He arrived an hour later than planned because it was so damn hard for him to leave his apartment. He also told me that, as he got near my neighborhood, he was reminded of the 2 years he spent in a nearby treatment facility for his challenges. He broke down crying in his car as he circled my neighborhood, reliving the pain of the past, fearing the pain of the future.

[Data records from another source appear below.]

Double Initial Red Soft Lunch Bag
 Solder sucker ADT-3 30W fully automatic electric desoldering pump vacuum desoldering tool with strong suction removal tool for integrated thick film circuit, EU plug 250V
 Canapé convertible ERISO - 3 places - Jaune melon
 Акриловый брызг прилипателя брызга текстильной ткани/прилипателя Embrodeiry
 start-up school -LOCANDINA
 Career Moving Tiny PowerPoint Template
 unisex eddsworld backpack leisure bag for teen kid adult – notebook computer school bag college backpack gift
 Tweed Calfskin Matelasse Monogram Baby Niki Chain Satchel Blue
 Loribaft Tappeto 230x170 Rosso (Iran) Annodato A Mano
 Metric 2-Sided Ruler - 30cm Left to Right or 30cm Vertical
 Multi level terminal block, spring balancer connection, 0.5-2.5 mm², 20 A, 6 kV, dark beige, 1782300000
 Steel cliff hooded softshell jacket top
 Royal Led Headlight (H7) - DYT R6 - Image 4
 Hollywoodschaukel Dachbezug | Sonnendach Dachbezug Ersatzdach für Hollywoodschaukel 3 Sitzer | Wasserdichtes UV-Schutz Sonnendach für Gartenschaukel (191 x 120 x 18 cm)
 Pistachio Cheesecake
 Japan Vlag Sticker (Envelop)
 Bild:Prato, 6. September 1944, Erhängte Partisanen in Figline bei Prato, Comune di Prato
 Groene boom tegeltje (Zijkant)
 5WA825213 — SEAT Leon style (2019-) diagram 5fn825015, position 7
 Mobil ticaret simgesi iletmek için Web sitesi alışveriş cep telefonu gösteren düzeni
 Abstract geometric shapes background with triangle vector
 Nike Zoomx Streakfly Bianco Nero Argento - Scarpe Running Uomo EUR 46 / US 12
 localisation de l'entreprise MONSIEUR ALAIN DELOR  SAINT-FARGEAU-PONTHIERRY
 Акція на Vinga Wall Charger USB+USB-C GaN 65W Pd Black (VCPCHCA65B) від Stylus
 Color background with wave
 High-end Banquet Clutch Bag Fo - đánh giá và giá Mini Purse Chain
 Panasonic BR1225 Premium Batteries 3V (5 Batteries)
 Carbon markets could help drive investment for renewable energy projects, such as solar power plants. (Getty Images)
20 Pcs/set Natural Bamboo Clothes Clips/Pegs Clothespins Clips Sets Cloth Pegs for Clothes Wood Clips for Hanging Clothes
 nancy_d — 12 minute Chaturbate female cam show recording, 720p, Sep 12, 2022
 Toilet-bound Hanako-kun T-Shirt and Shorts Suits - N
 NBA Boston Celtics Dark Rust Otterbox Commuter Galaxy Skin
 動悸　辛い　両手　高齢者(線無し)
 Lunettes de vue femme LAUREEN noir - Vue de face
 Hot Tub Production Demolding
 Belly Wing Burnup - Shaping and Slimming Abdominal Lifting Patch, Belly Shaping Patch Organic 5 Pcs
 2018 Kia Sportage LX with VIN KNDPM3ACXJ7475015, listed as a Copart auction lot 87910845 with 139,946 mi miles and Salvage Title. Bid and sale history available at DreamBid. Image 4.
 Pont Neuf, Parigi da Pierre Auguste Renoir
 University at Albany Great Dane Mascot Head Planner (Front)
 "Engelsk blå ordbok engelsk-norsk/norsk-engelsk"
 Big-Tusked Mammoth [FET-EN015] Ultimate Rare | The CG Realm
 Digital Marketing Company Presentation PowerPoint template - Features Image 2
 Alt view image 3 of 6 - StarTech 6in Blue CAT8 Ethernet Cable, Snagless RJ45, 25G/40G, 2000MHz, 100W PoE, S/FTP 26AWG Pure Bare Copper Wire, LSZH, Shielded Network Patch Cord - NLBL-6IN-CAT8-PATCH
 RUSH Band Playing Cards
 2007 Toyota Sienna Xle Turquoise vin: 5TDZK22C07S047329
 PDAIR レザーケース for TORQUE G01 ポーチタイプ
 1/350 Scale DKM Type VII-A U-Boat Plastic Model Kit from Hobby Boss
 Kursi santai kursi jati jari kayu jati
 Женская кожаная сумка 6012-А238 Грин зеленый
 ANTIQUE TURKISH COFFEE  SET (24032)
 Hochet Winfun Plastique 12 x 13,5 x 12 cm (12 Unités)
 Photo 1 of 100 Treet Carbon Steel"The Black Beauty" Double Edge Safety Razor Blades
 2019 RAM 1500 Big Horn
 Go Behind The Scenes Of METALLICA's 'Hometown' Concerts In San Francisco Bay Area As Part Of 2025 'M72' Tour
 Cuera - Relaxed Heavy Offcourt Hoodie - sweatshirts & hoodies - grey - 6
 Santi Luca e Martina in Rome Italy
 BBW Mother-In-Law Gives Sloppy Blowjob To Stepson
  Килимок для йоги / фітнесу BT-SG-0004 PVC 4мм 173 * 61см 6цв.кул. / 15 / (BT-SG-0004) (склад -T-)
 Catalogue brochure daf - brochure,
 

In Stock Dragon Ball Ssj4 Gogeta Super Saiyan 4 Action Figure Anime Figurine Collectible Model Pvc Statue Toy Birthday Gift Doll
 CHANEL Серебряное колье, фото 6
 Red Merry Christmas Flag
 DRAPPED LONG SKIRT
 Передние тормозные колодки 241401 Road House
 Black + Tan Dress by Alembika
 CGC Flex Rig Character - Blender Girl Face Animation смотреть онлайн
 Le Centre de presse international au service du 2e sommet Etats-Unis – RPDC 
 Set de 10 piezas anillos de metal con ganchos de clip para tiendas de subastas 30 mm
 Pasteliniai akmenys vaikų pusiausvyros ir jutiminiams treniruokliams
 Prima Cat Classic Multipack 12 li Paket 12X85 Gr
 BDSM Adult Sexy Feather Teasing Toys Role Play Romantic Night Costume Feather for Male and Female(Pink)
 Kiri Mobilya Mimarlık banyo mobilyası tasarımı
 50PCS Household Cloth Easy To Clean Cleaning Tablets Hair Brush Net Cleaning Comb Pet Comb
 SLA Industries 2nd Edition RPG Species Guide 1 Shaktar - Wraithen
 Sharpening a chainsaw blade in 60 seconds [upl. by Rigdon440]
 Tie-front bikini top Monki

As it often did, our conversation turned to the topic of death. We had shared many conversations, some light-hearted and funny, some somber and scary, about wanting to just be done with our brutal brains. I remember laughing hysterically as we mocked people who express concern for our nutritional habits or our affinity for tobacco products. He told the story of a girl in college who approached him while he was smoking a cigarette and said, “You know those will kill you, right?!” He re-enacted his hyperbolic reaction: he bolted out of his seat, threw down his cigarette and said, “Oh my God! You’re right! Thank you so much for telling me!” and then he gave the girl a giant, derisive hug. She called him an asshole and walked away. (Oh, how I wish I had the guts to do something like that just once!) But even after telling me that story, Riley’s deep compassion won the day, and he became his normal, soft-spoken person quickly, saying, “I shouldn’t have done that,” with real sadness in his voice for treating this girl “unkindly.”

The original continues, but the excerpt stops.